Both Rock v Reed-Prentice Div. (39 NY2d 34, supra) and State of New York v County of Sullivan (43 NY2d 815, revg 54 AD2d 29) stand for the proposition that a settlement which satisfies a money judgment is not a “release from liability” within subdivision (c) of section 15-108 and that therefore, in such a case, contribution would be available. On first blush this proposition appears to do violence to the express language of subdivision (c) (see Siegel, Practice Commentaries, McKinney’s Cons Laws of NY, Book 7B, CPLR C3019:60, p 64, 1983-1984 Pocket Part). However, Presiding Justice Koreman, in his partial dissenting and partial concurring opinion in State of New York v County of Sullivan (54 AD2d 29, 35, supra), which was adopted by the Court of Appeals (43 NY2d 815, supra), explained that a postjudgment settlement is not a release from liability, but rather a satisfaction of liability, since the money judgment predicated on that liability has been paid and discharged. The existence of a money judgment, founded on a determination by the fact finder, establishes an obligation which is met when the parties enter into a settlement, even *590though that settlement is for less than the judgment. In the language of the above-mentioned Judicial Conference Reports, the postjudgment settlor is not a volunteer, even where the settlement discharges the obligations to the plaintiff of other tort-feasors, because his interest in the lawsuit has become more than that of mere litigant, but that of judgment debtor (see Dunn v Uvalde Asphalt Paving Co., 175 NY 214, 218; see, also, Chicago Tit. Ins. Co. v Heskestad, 57 NY2d 632).
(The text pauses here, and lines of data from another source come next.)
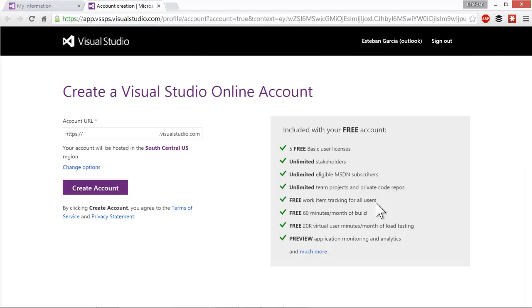Clicking on create a free account is going to take me to this page where I'm able to enter the name of the account that I want to create. Let's call this ALM guide.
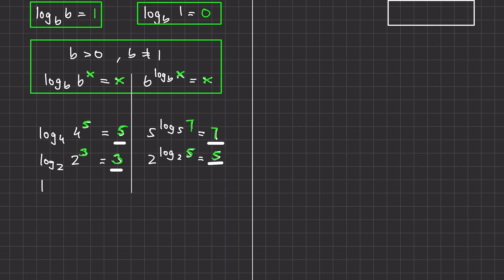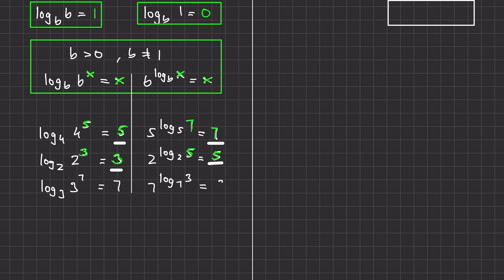What is log base 3 of 3 raised to the power of 7, and 7 raised to log base 7 of 3? Feel free to pause the video and try this on your own. This is going to be 7 and this is going to be 3. Very simple.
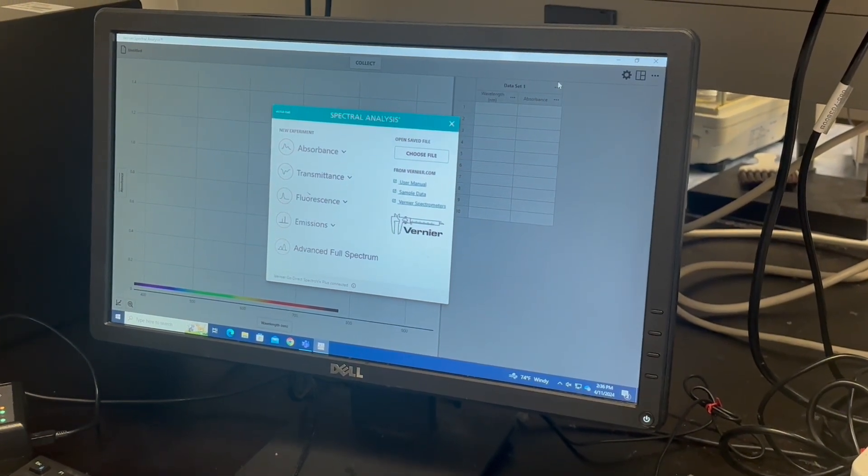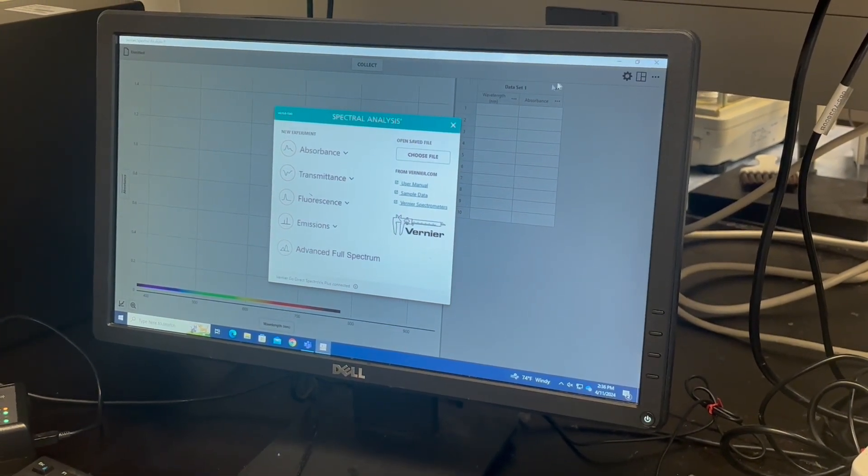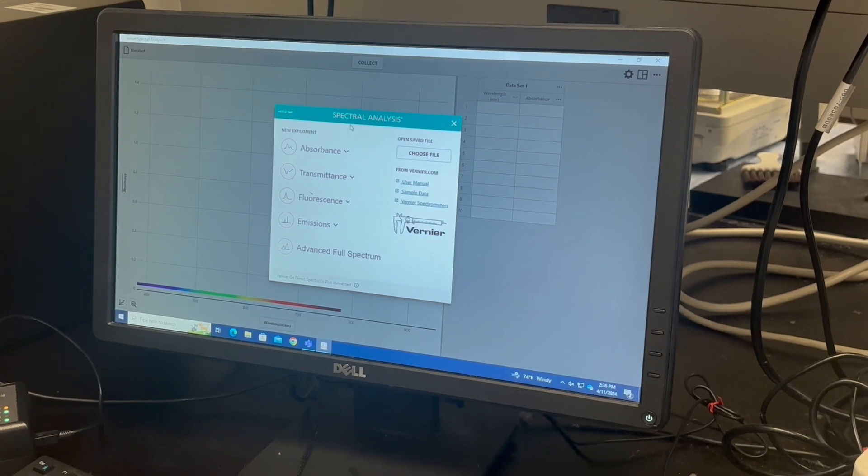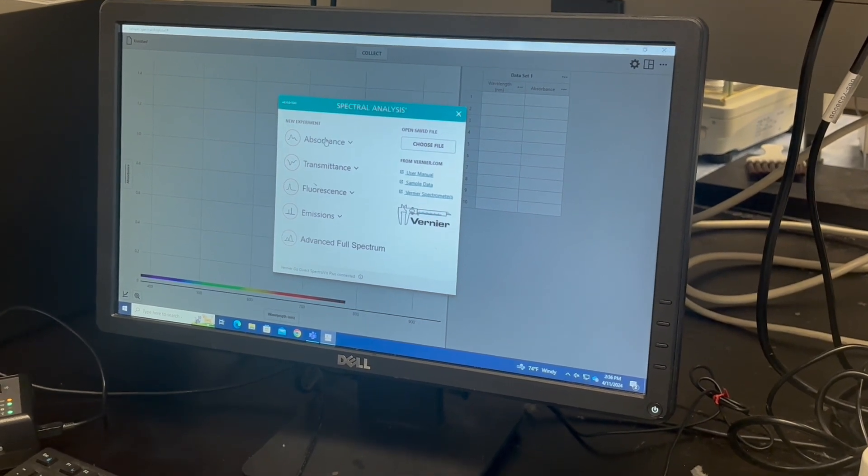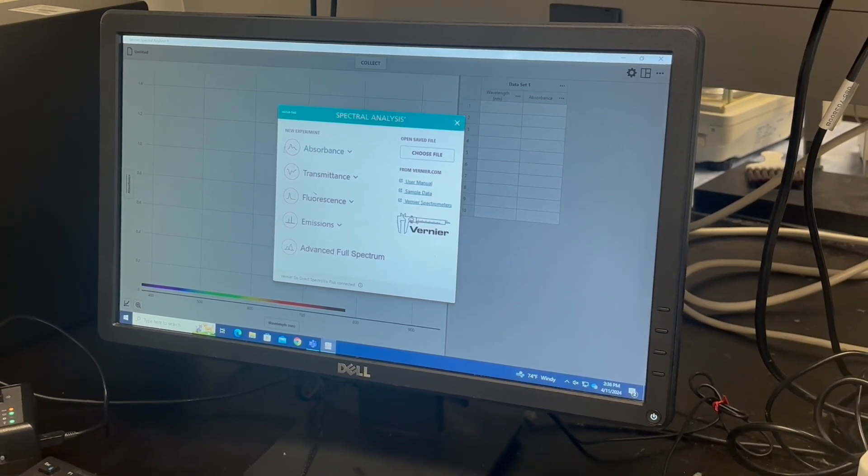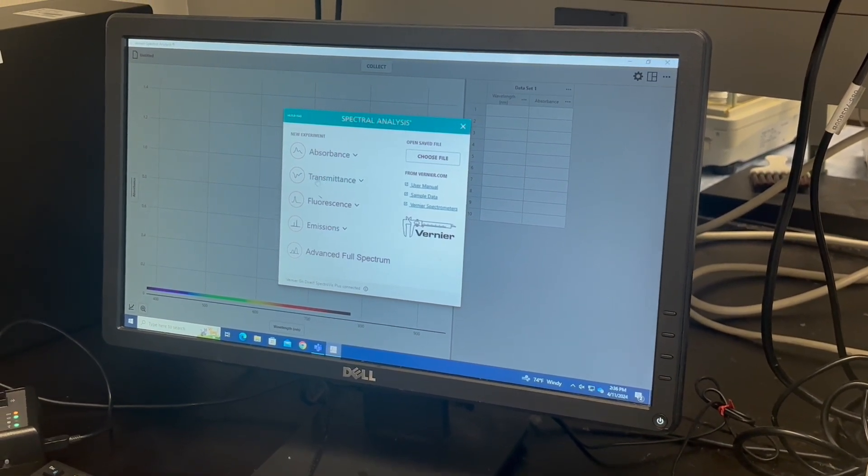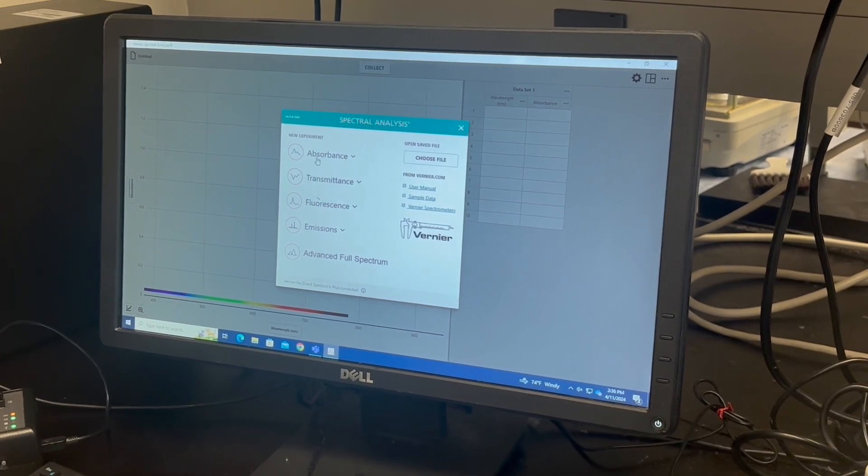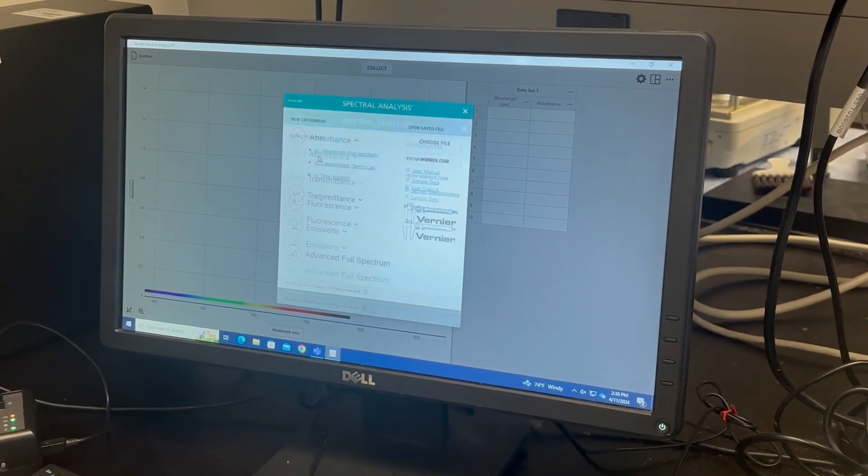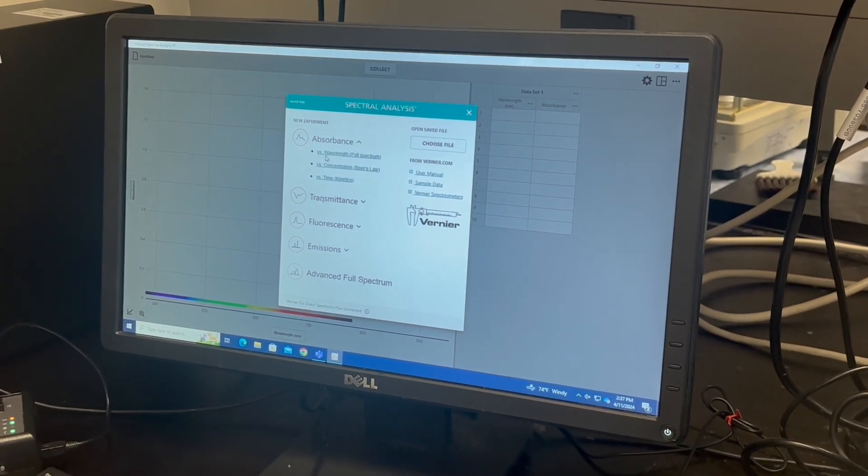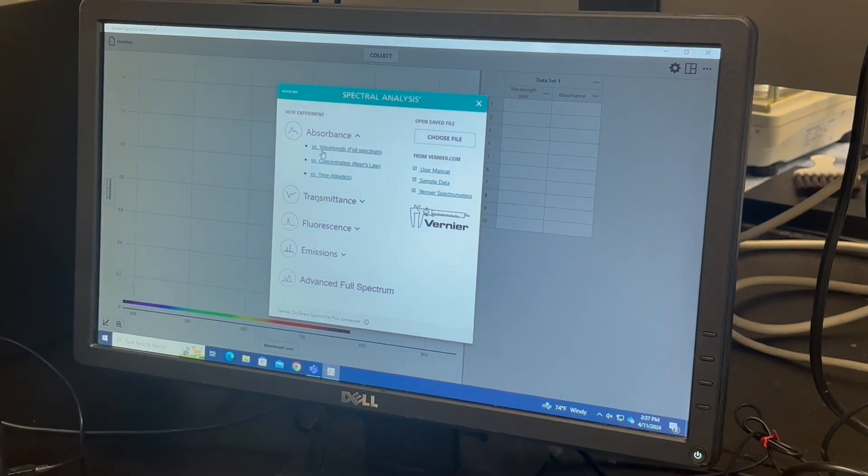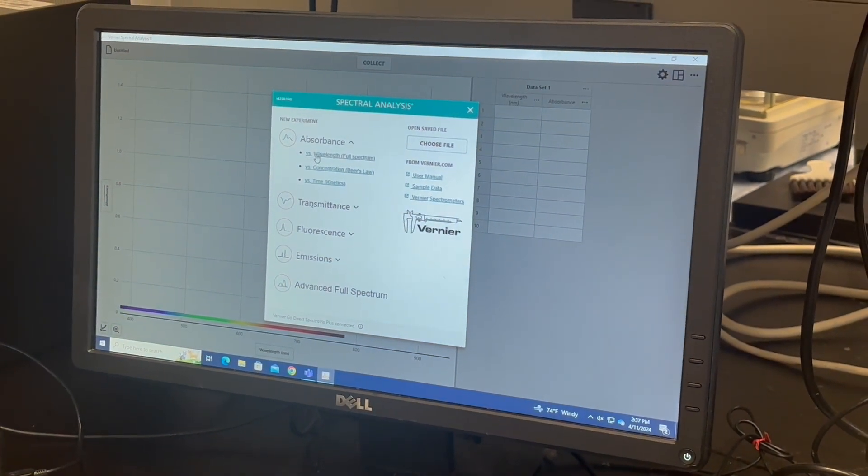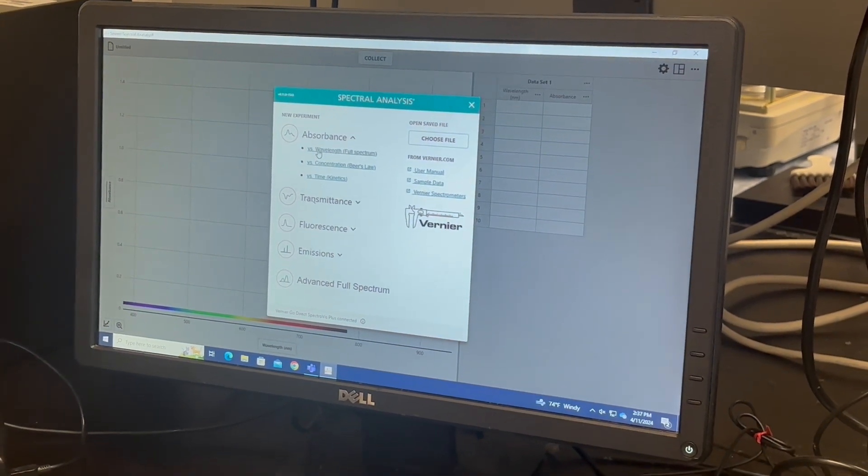And then, depending on your experiment, for the inorganic lab you'll be using the absorbance. But sometimes you may need the transmittance or the fluorescence. We'll start here. And then we'll do versus wavelength just to see the full spectrum.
A different situation exists in the case of a settlement made prior to the entry of a money judgment. In such a circumstance, it is the settlement, rather than the fact finder, which determines the amount of damages (see Siegel, NY Prac, 1981-1982 Pocket Part, § 176, p 52). Until the settlement is reached, there is no obligation. From this point of view, in a sense, any payment or settlement prior to the entry of a money judgment can be considered voluntary (Dunn v Uvalde Asphalt Paving Co., 175 NY 214, 218, supra). More specifically, if, subsequent to the settlement, it is judicially determined that the settlement was for an amount in excess of the settlor’s equitable share, then that excess can readily be characterized as voluntary, since the payment did not reflect a duty (see Codling v Paglia, 38 AD2d 154,161, mod on other grounds 32 NY2d 330, supra). In essence, the settlor has paid some or all of the obligation of another, and the general rule, which the Legislature has chosen to apply in the area of contribution, is that “no debt can be implied in law from a voluntary payment of the debt of another” (Perlmutter v Timely Toys, 8 AD2d 834).
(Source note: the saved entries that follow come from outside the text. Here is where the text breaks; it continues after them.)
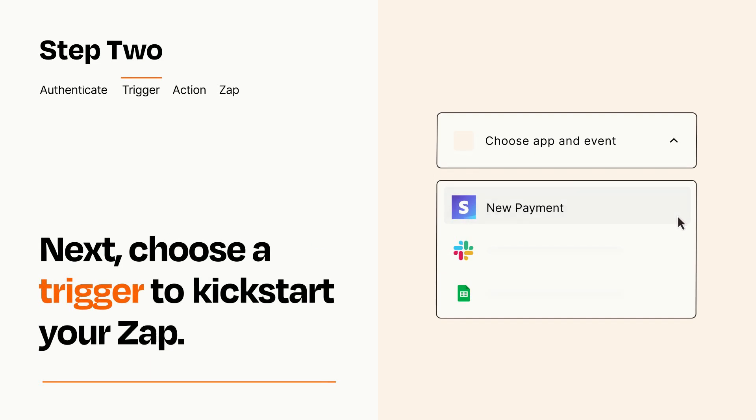Now let's set up your trigger, which is the event that starts your Zap. Pick the trigger event that you want from the list.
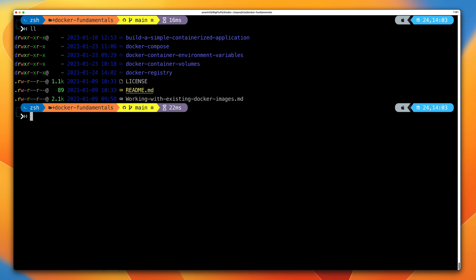Welcome back. In this component of the course, you're going to get some practical experience in pulling images from and pushing images to a Docker registry, specifically a repository within that registry.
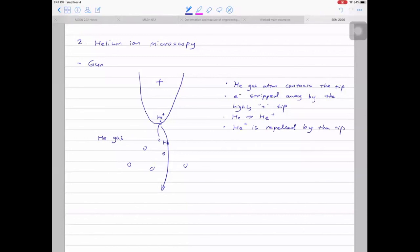In SEM, electrons from the source are emitted and interact with your specimen. But in helium ion microscopy, the electrons are stripped away and the helium ions hit the specimen surface. It's similar to a gallium source, but not exactly the same. In a gallium source you have liquid metal, whereas here you have gaseous helium turned into ions, which then interact with your specimen.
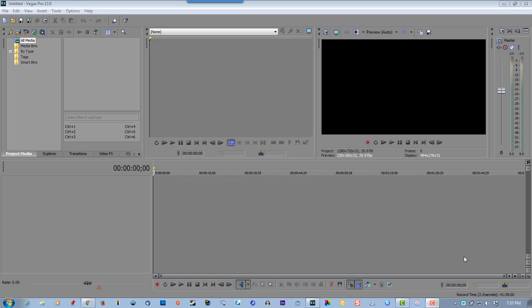In this video I'll show you how to do a glitch effect using video in Sony Vegas. This should work with all versions of Vegas and even Movie Studio as well, so let's grab some media.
In Lettiere v Martin Elevator Co. (62 AD2d 810, affd 48 NY2d 662), this court held that where a settlement was reached prior to an adjudication of damages, subdivision (c) of section 15-108 would prevent the settlor from seeking contribution. Claimant would have us hold that this case does not fall under the rule set down in Lettiere, but rather falls under that of Rock and State of New York (supra). He relies on the fact that here the settlement occurred after an adjudication of liability, while, in Lettiere, there was no adjudication of liability, but only a concession of liability.
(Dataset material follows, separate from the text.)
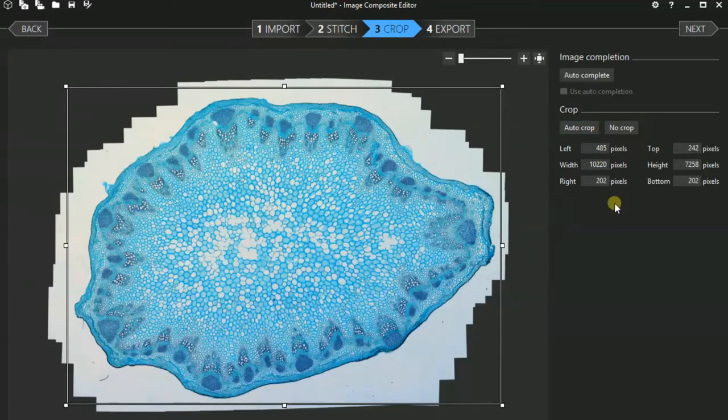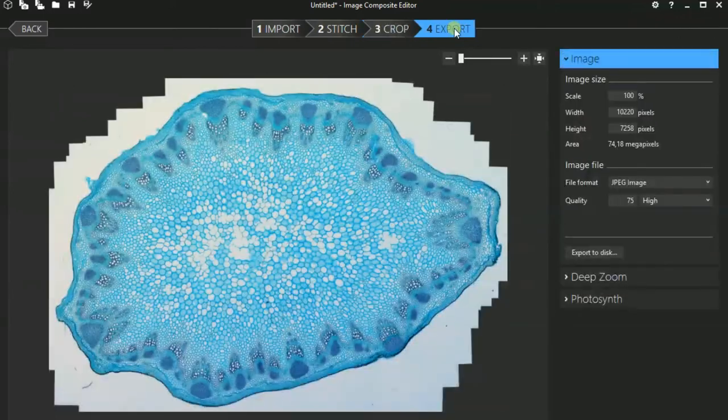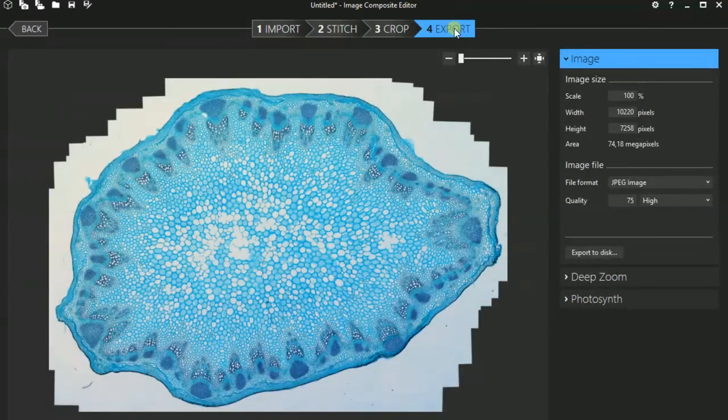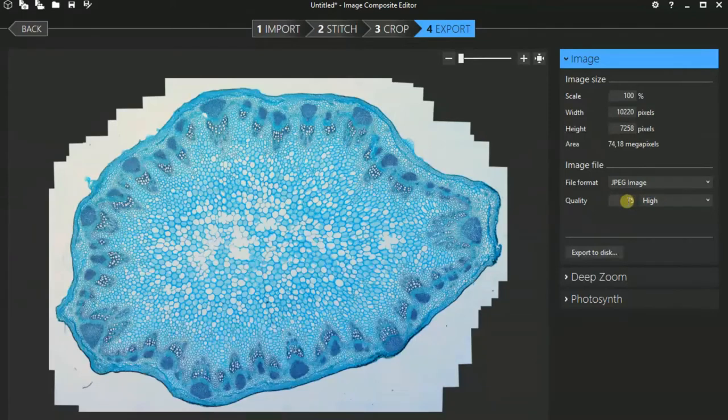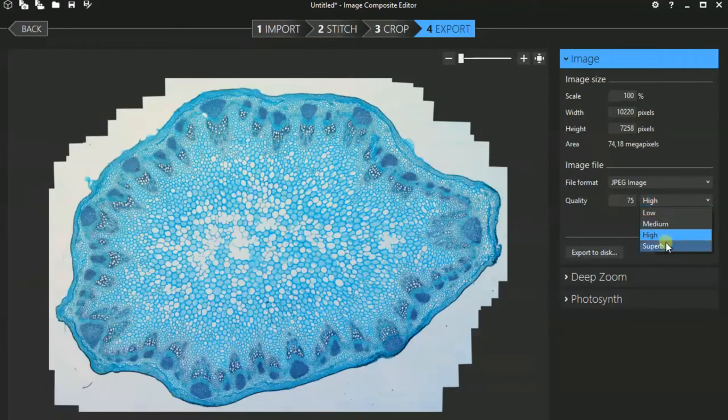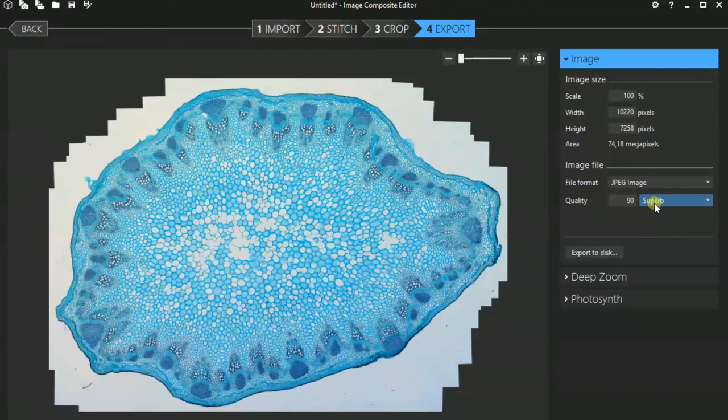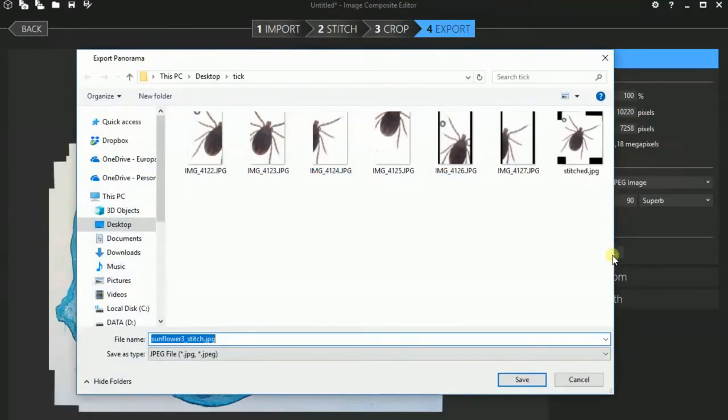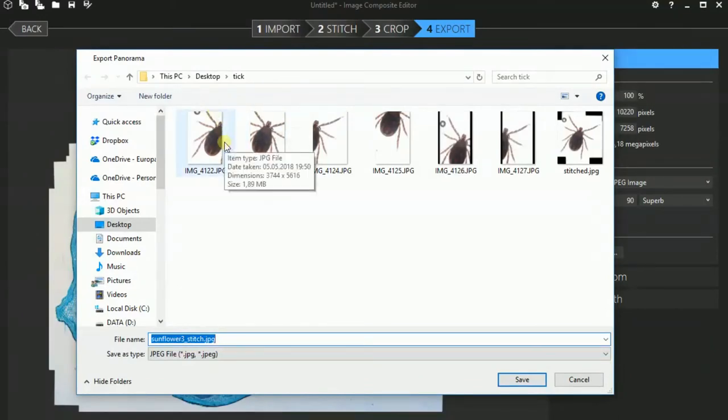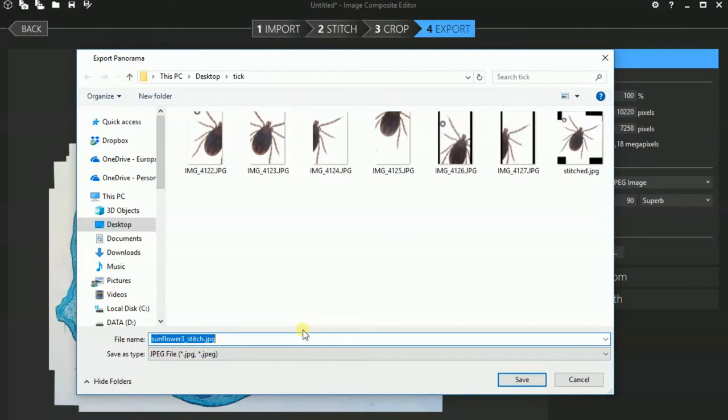And then I will again export the picture. I can now adjust the quality of the image. I want to have a superb quality because I'm going to be editing it again later. I have to type in a new file name just like before. I'm just going to save it now next to the images of the tick. And of course you want to give it a meaningful file name.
As noted by Judge Lengyel in the Court of Claims, the surface allure of claimant’s argument stems from an ambi*591guity in the word “liability”. Since there was an adjudication of culpability in the underlying case against Makeun, it does seem that the settlement was in satisfaction of liability, rather than a release from liability, and that, therefore, State of New York v County of Sullivan (supra) should apply, allowing for contribution. However, this argument ignores the fact that until there is also an adjudication by the fact finder of damages and subsequent entry of a money judgment, there is no obligation to pay anything. The legislative intent of not allowing a volunteer to recover an excess paid by him leads us to conclude that the concept of “liability” in section 15-108 of the General Obligations Law must include a determination of culpability and damages. Therefore, the Thorp v Makeun settlement, which occurred after an interlocutory judgment as to negligence only, prior to a final judgment which included damages, constitutes a prejudgment settlement subject to section 15-108 of the General Obligations Law (Lettiere v Martin Elevator Co., supra; Flood v Re Lou Location Engr., 487 F Supp 364, affd sub nom. Flood v Japan Line, 636 F2d 1201, 1202). We also note that the fact claimant was unable to implead the State of New York in the Supreme Court Thorp v Makeun action does not affect the barrier to contribution raised by subdivision (c) of the statute (Maryland Cas. Co. v State of New York, 66 AD2d 953).

We sympathize with the view expressed by Judge Lengyel that the holding in this case does not lead to a very just result. We also note that other jurisdictions have taken a different approach, allowing for contribution in circumstances akin to those present here (see, e.g., Young v Steinberg, 53 NJ 252; Carolina Coach Co. v Cox, 337 F2d 101 [CA4th, 1974]; Callihan Interests v Duffield, 385 SW2d 586 [Tex Ct Civ App. 1964]). However, our Legislature, having considered alternate possibilities (see Occhialino, Contribution, Nineteenth Ann Report of NY Judicial Conference, 1974, pp 223-225), enacted subdivision (c) of section 15-108 of the General Obligations Law, which prevents a tort-feasor from obtaining contribution where he has entered into a stipulation of settlement prior to judgment (see Mitchell v New York Hosp., 93 AD2d 832). Any *592change in the law must come from the Legislature and not the courts (see Green, General Obligations Law, Section 15-108: An Unsettling Law, 55 NY St Bar J [No. 6, Oct., 1983] 28).

Accordingly, claimant’s contribution claim was properly dismissed. Furthermore, although a claim for indemnification is not affected by section 15-108 of the General Obligations Law (McDermott v City of New York, 50 NY2d 211, 220, supra), we conclude that claimant’s indemnification claim was also properly dismissed (see Garrett v Holiday Inns, 58 NY2d 253, 263-264).

Lazer, J. P., Thompson and Bracken, JJ., concur.

Order of the Court of Claims, dated November 23, 1981, affirmed, without costs or disbursements.